Um argumento usado pela parte da esquerda que apóiam o voto “não” é que temos que garantir o direito da classe trabalhadora a se defender na luta contra os ataques armados da direita, como dos bandidos armados dos latifundiários ou mesmo de um golpe militar. Mas essa não é a situação atual no Brasil. A esmagadora maioria da classe trabalhadora não está armada e não vê isso como um caminho na luta contra a direita. No enfrentamento atual o importante é enfatizar a necessidade de luta de massas e organizada. Mesmo numa situação em que defenderíamos o direito dos trabalhadores se armarem, isso não se trata de um armamento individual. Seria um ato e decisão coletiva e organizada, com controle democrático. A grande maioria das vezes em que os trabalhadores foram forçados a se armar foi durante movimentos revolucionários, nos quais estes estavam preparados para romper com todas as leis.
Queremos também ressaltar que ambos os lados no referendo tem grupos econômicos que apóiam. No lado do “não” há a indústria de armas e no lado do “sim” o setor de “segurança” privada. A campanha na TV é também produto de marqueteiros, do tipo de Duda Mendonça, e não baseado num verdadeiro debate pela base. Com certeza a luta de classes não se expressa entre o “sim” e o “não”, mas entre a farsa da política de realizar um referendo fantoche, enquanto se aprofunda a desigualdade social e a repressão policial aos pobres e negros, e a clareza de que a violência numa sociedade capitalista só terá alívio com a real democracia dos trabalhadores.

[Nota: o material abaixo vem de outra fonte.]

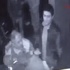 Esnaftan güvenlik kamerası görüntüleriyle "Polis dayağı" iddiası Esnaftan güvenlik kamerası görüntüleriyle "Polis dayağı" iddiası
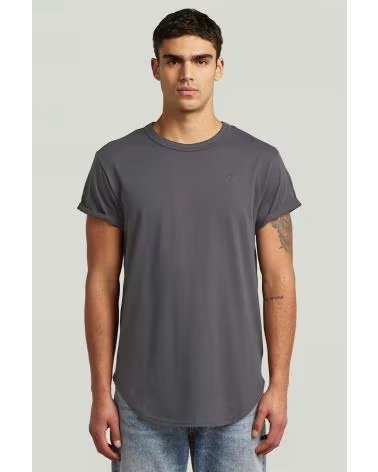 G-STAR CAMISETA G-STAR D29524 8415 GREY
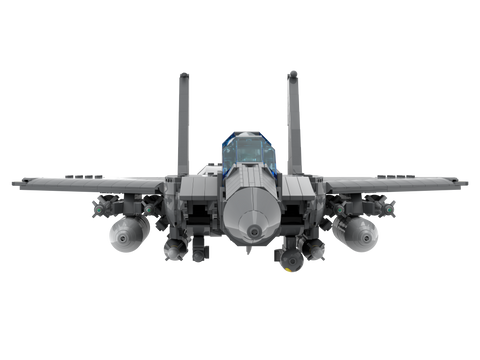 F-15E digital instructions & .xml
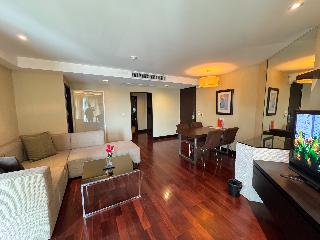 The Narathiwas Hotel & Residence Sathorn Bangkok fotoÄŸrafÄ±
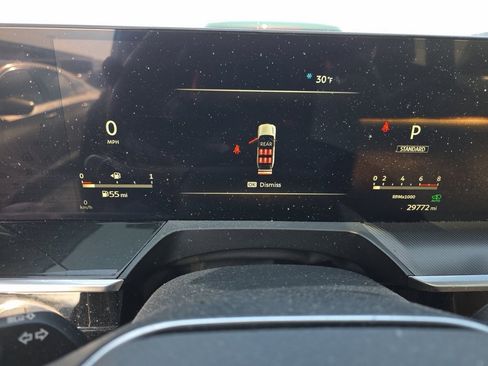 Certified 2025 INFINITI QX80 Luxe image 5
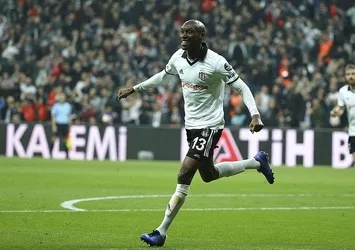 Atiba'ya devam önerisi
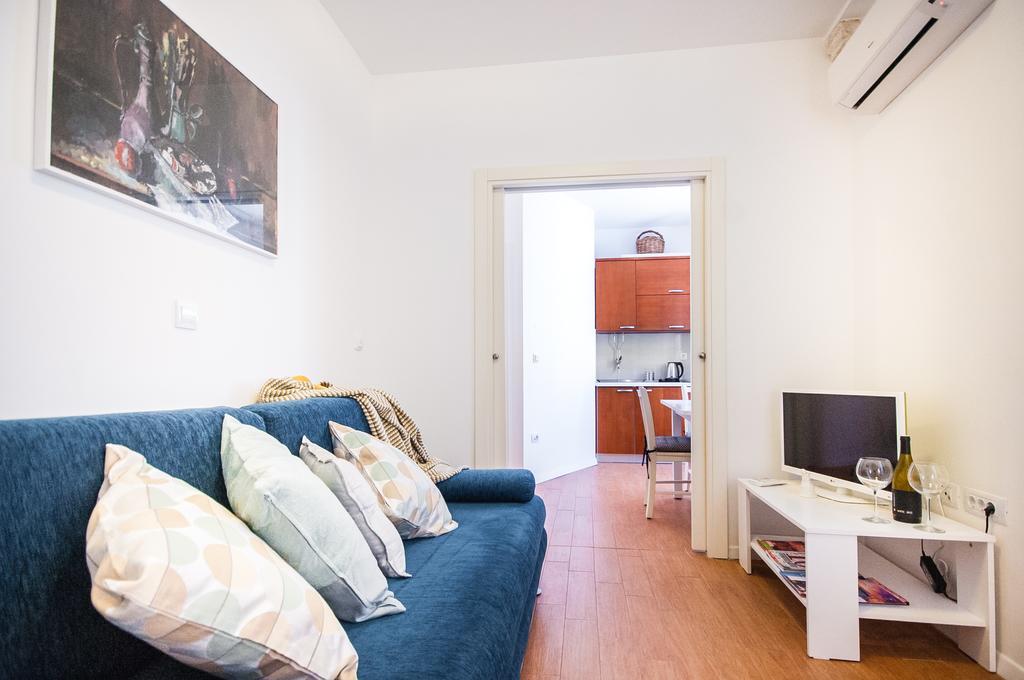 Apartments Tereza Дубровник Екстер'єр фото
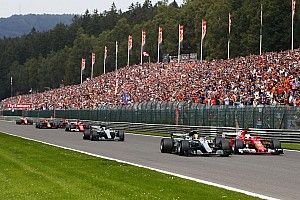 Hamilton: Kesalahan mode mesin justru bantu tahan Vettel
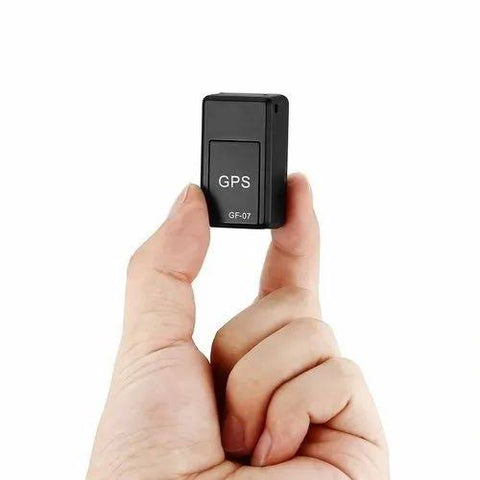 Image of MINI GPS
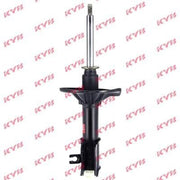 KYB Shock Absorber Damper Strut Front Left fits Mazda Cronos 1991-1997 1.8 2.0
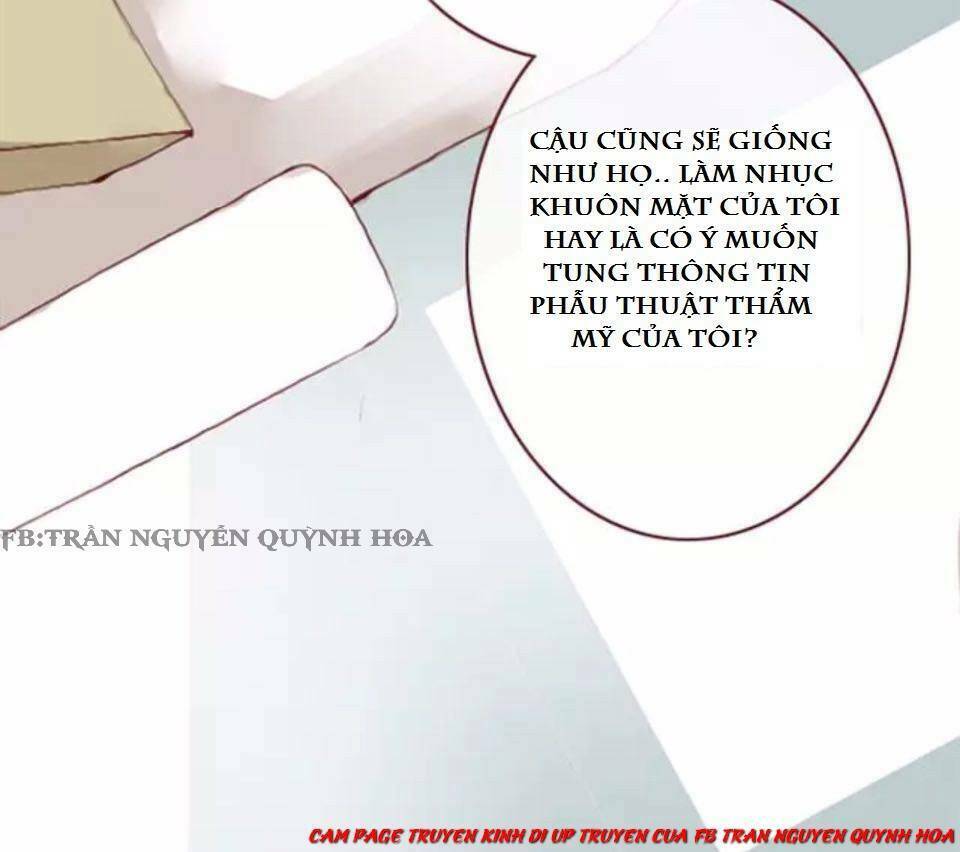 Trả Thù Trường Trung Học: Chapter 15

Um verdadeiro programa contra a violência tem que ser um programa contra a pobreza, contra a opressão do estado e pela transformação socialista da sociedade, para um futuro sem desigualdade e injustiças.
No dia 23 de outubro votaremos nulo e estaremos coletando assinaturas contra o ‘caveirão’ no Rio de Janeiro e defendendo um programa que contenha os seguintes pontos:
• Por investimentos maciços em moradia, educação, emprego, saúde – contra as reformas neoliberais e a política econômica do governo Lula. Não pagamento das dívidas interna e externa aos grandes capitalistas.
• Por uma verdadeira reforma urbana e agrária.
• Empregos para todos. Redução da jornada de trabalho sem redução salarial. Investimentos públicos em infra-estrutura e serviços públicos.
• Salário mínimo seguindo o piso da DIESSE. Defesa dos direitos sindicais, contra a reforma sindical e trabalhista. Pela organização sindical dos (as) trabalhadores (as) do setor informal.
• Acesso para todos dependentes de drogas de tratamento gratuito e de qualidade. Educação, emprego e lazer – vida digna para todos.
• Contra o terrorismo policial! Fora o ‘caveirão’ das comunidades do Rio de Janeiro.
• Controle democrático pela comunidade local e movimentos sociais organizados das forças de segurança. Eleição dos postos de comando e plenos direitos sindicais a todos.
• Pela estatização com controle dos trabalhadores da indústria de armas, com sua produção subordinada a um planejamento global da economia que atenda às prioridades da grande maioria da população.
• Contra a violência sobre as mulheres e homossexuais.
• Garantir a independência econômica para que as mulheres possam sair de relações violentas, emprego com o mesmo salário dos homens, acesso a creches, moradia, etc.
• Pelo fim dessa sociedade baseada em injustiças, exploração e opressão de gênero, raça, etnia e diversidade sexual. Por um governo dos trabalhadores e a estatização das grandes empresas brasileiras e estrangeiras sob controle democrático dos trabalhadores e trabalhadoras – por uma sociedade socialista.